But even before the outbreak, around 4 million people were working from home in some form, according to the ONS.
HMRC is increasing the maximum flat-rate tax allowance for those who work from home under ‘homeworking arrangements’.
This means employers are able to make payments of £6 a week to help cover ‘reasonable household expenses’ without supporting evidence.
For those paid monthly, the payments without tax liability are £26 a month.
Employees are not taxed on these payments, which were previously limited to £4 a week and £18 a month.
The payments are discretionary and employees do not need to keep records of the payments.
These arrangements are between the employee and the employer under which the employee regularly performs some or all of their work at home.
There is no requirement for employees to dedicate any part of their home exclusively for work. In fact, doing so could result in problems for future sales of the house as part of the capital gains tax exemption on private residences may be lost.
According to HMRC, they will accept home working arrangements where:
- There are arrangements between the employer and the employee
- And the employee works at home regularly under these arrangements
The arrangements do not need to be in writing, although they usually will be. Employers do not need to apply them to all employees.

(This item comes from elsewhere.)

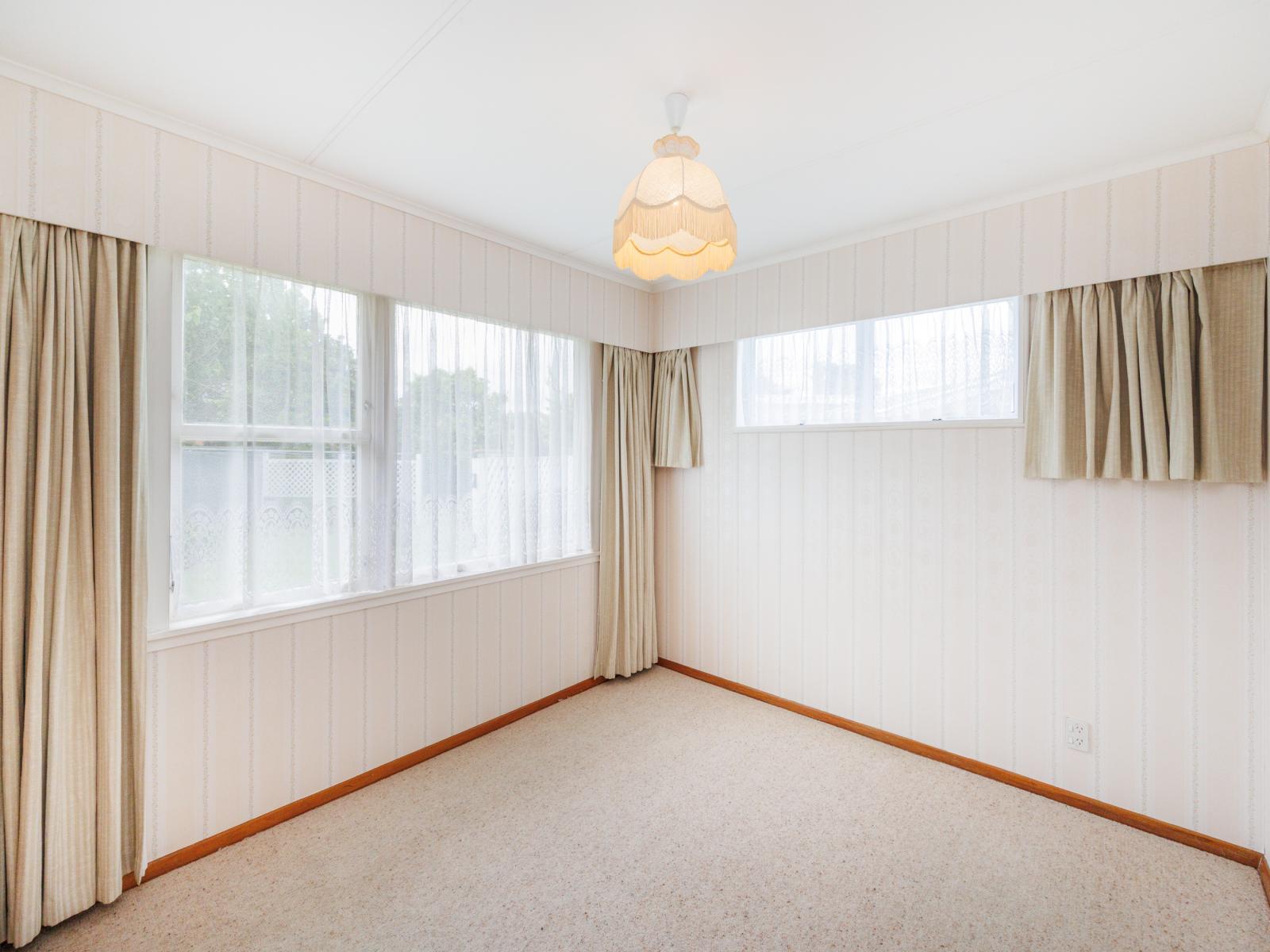 8 Somerset Crescent, Highbury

Allowances do not apply where an employee works at home informally and not by arrangement of the employer. So, if one of your employees takes work home in the evenings they cannot request payments.

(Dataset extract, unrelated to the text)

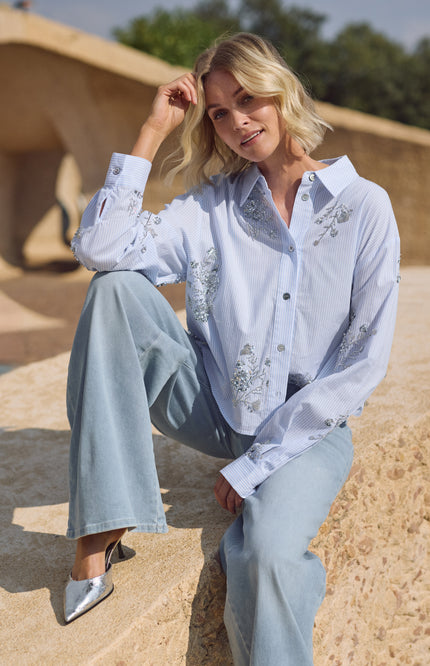 Nukus Blouse Adora Stripe Cloudy Offwhite NKS02138 Stretchshop.nl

HMRC says the exemption “applies where an employee works at home by arrangement with the employer instead of working on the employer’s premises”.

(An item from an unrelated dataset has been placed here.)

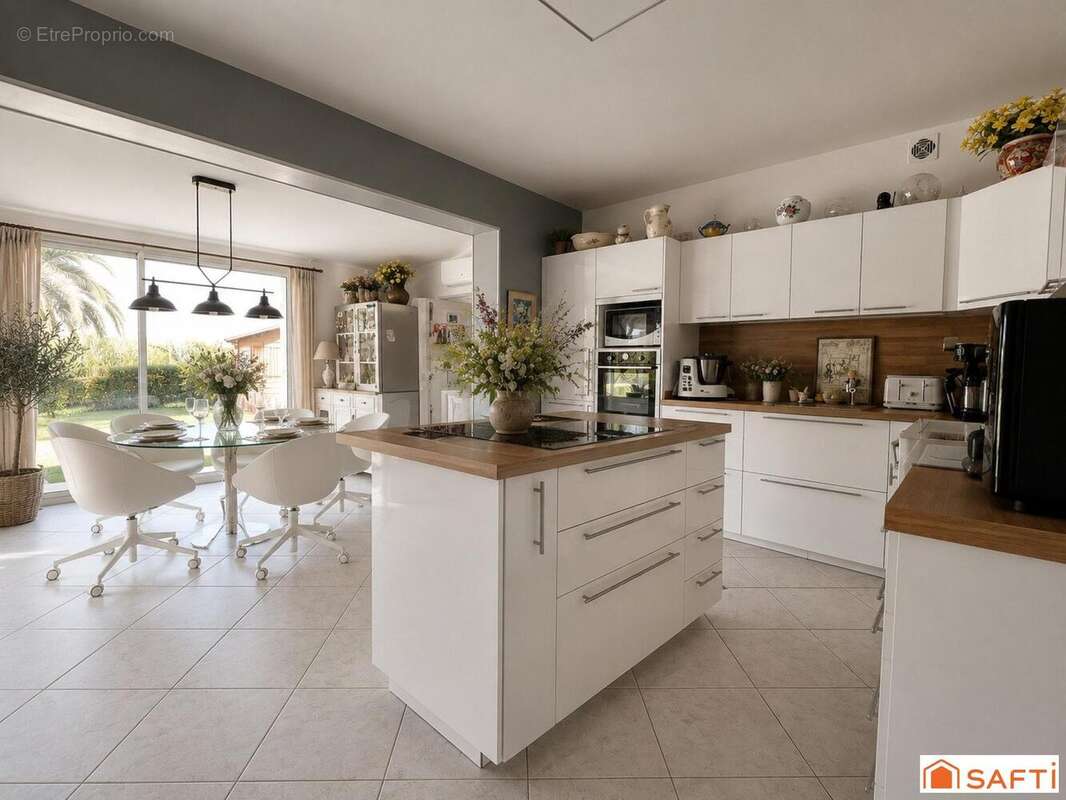 Maison 200 m² à Saint-Palais  - photo 4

They accept that the condition of ‘regular’ homeworking is met if working from home is frequent or follows a pattern. The fact days spent at home may vary week from week is not a bar to claiming the exemption.
What are reasonable household expenses?
Working from home leads to additional costs, such as heating, lighting the work area and the increased use of water if your water is metered. There may also be extra charges for internet access, home contents insurance or business telephone calls.
If working at home leads to a liability for business rates the additional costs that are incurred can be included.
HMRC says, “Additional household costs must be reasonable and must be incurred in carrying out the duties. This excludes costs that would be the same whether or not the employee works at home.”
So, rent, council tax and mortgage payments will not be included, for example. It also excludes expenses “that put the employee into a position to work at home”. That means the employee cannot claim for making alterations at home to provide a home office or for any furniture or office equipment.
The new rate
Since 6th April, employers can pay £6 per week without supporting evidence of the costs the employee has incurred. These payments can be made without supporting evidence of the costs incurred.
If employers pay more than that amount, the exemption is still available. But they must provide supporting evidence that the payment is wholly in respect of additional household expenses incurred by the employee in carrying out their duties at home.
Those employers who want to pay more than the guideline rate per week tax-free should agree on a scale rate in advance with HMRC. If they do not, records need to be kept of the costs that are incurred by each employee.
HMRC has issued guidance for those employees working from home and the tax relief they can claim on their website.